How does one do that? This is the work I focus on each day, and talk about each week in my newsletter.

For those who do engage with you, to simply let them know that you see and appreciate them. I can’t tell you how many people I have seen online who talk about wanting engagement, and then rarely reply back to the comments they do receive. Is that their prerogative? Absolutely! But I think something powerful happens when you validate those who spend time with what you create.

This doesn’t have to be complicated. For me, each week I show up and publish a new essay. Each day I show up and engage with readers and writers on Substack, on the phone, and elsewhere. And it feels amazing — an absolute gift to have one’s day filled with writing and readers.

Be the Gateway: Celebrate Every Connection with Readers

I encourage you to make small improvements, slowly over time. To view the craft of how you share as a process where you are learning as you go. You can celebrate what works, gain wisdom from what doesn’t, and measure progress not by hollow social media numbers, but in how comfortable and confident you feel in connecting with actual readers.

Seven years ago I published my book with the title, Be the Gateway: A Practical Guide to Sharing Your Creative Work and Engaging an Audience.

The “gateway” is a metaphor for how your writing and creative work leads people into a new way of seeing the world and themselves. But it also works in the opposite direction — you walk outside of your gateway to understand your readers and what resonates with them. It is inherently a process of feeling fulfillment in creating and sharing.

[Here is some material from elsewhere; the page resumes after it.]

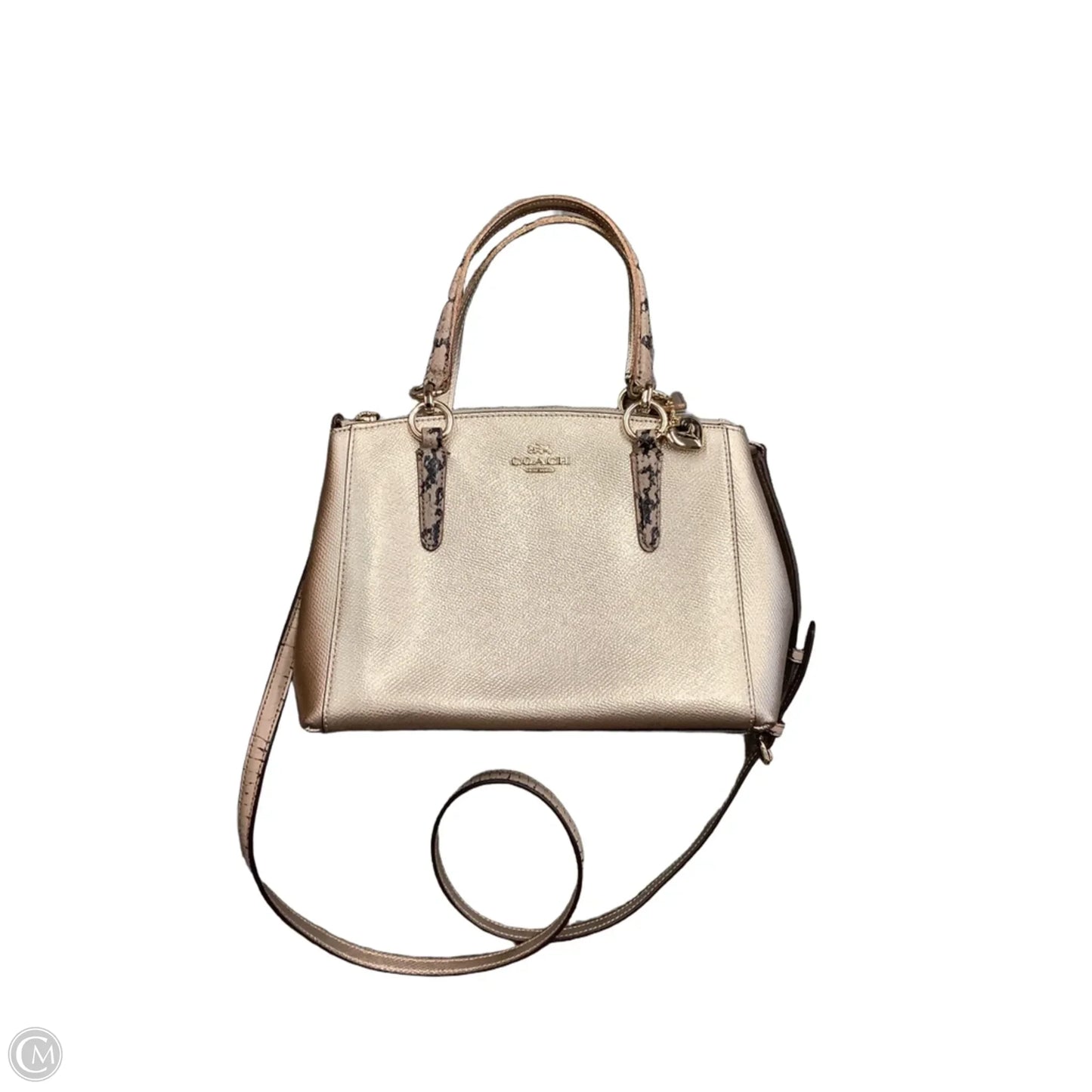 Handbag Designer By Coach, Size: Medium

Recently Deb Lund said this of the book: “Your gateway concept is a magical portal — we can’t know where or how far the reach extends or expands. What we do makes a difference, and it may do so in infinite ways we will never know.”

When you consider sharing as being a gateway, you are focused less on “marketing a product” and “how can I get attention?” and more on the nuances of meaningful connections with readers and your work.

Please let me know in the comments: What is your biggest challenge in sharing? What has felt the most right to you?

This week for my paid subscribers, I shared a 13-minute video encouraging them to give readers multiple ways into their writing, using emotional, intellectual, and social cues. You can see a preview of that post here.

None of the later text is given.